Estimating the longitudinal magnetic field in the chromosphere of quiet-Sun magnetic concentrations

Abstract

Context. Details of the magnetic field in the quiet-Sun chromosphere are key to our understanding of essential aspects of the solar atmosphere. However, the strength and orientation of this magnetic field have not been thoroughly studied at high spatial resolution. Aims. We aim to determine the longitudinal magnetic field component (B∥) of quiet-Sun regions depending on their size. Methods. We estimated B∥ by applying the weak-field approximation to high-spatial-resolution Ca II 854.2 nm data taken with the Swedish 1 m Solar Telescope. Specifically, we analyzed the estimates inferred for different spectral ranges using the data at the original cadence and temporally integrated signals. Results.
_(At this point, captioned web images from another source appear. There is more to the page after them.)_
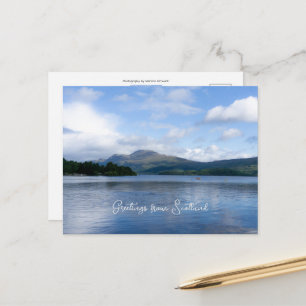 Postal Hermoso paisaje de Escocia - Loch Lemond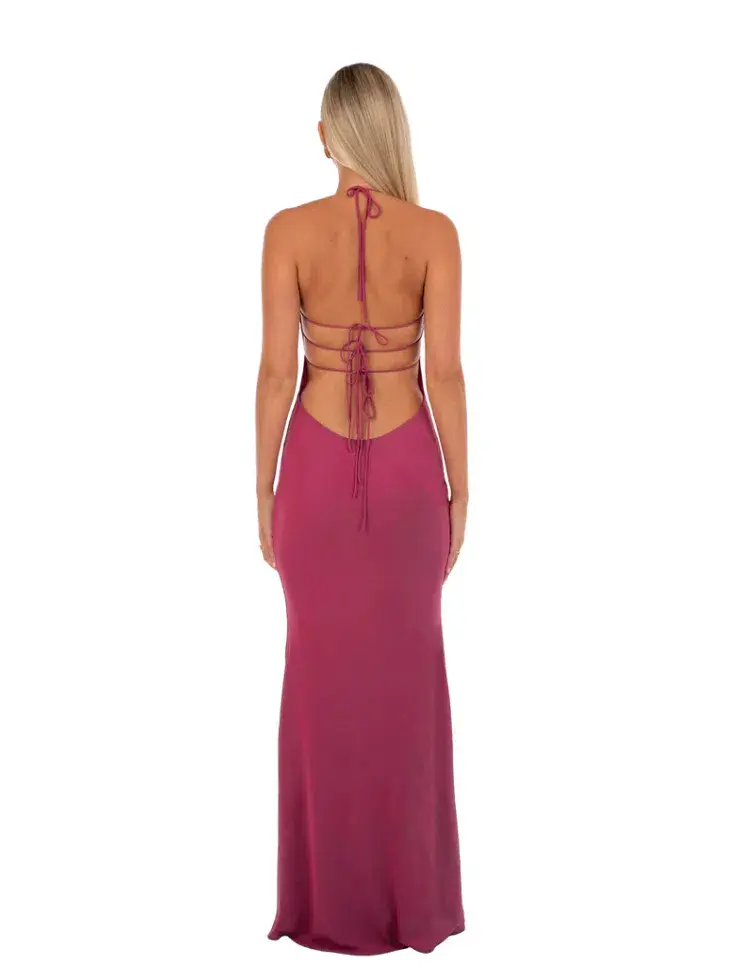 I am delilah, Delilah Maxi Wine, Size 6 for rent on The Volte - main image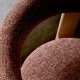 KAVE HOME spisestuestol i granitt - terracotta chenille og naturlig ask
The longitudinal magnetic field in each considered plasma structure correlates with its size. Using a spectral range restricted to the line core leads to chromospheric longitudinal fields varying from ∼50 G at the edges to 150–500 G at the center of the structure. These values increase as the spectral range widens due to the photospheric contribution. However, the difference between this contribution and the chromospheric one is not uniform for all structures. Small and medium-sized concentrations show a steeper height gradient in B∥ compared to their chromospheric values, so estimates for wider ranges are less trustworthy. Signal addition does not alleviate this situation as the height gradients in B∥ are consistent with time. Finally, despite the amplified noise levels that deconvolving processes may cause, data restored with the destretching technique show similar results, though are affected by smearing. Conclusions. We obtained B∥ estimates similar to those previously found, except for large concentrations and wide spectral ranges. In addition, we report a correlation between the height variation of B∥ compared to the chromospheric estimates and the concentration size. This correlation affects the difference between the photospheric and chromospheric magnetic flux values and the reliability of the estimates for wider spectral ranges.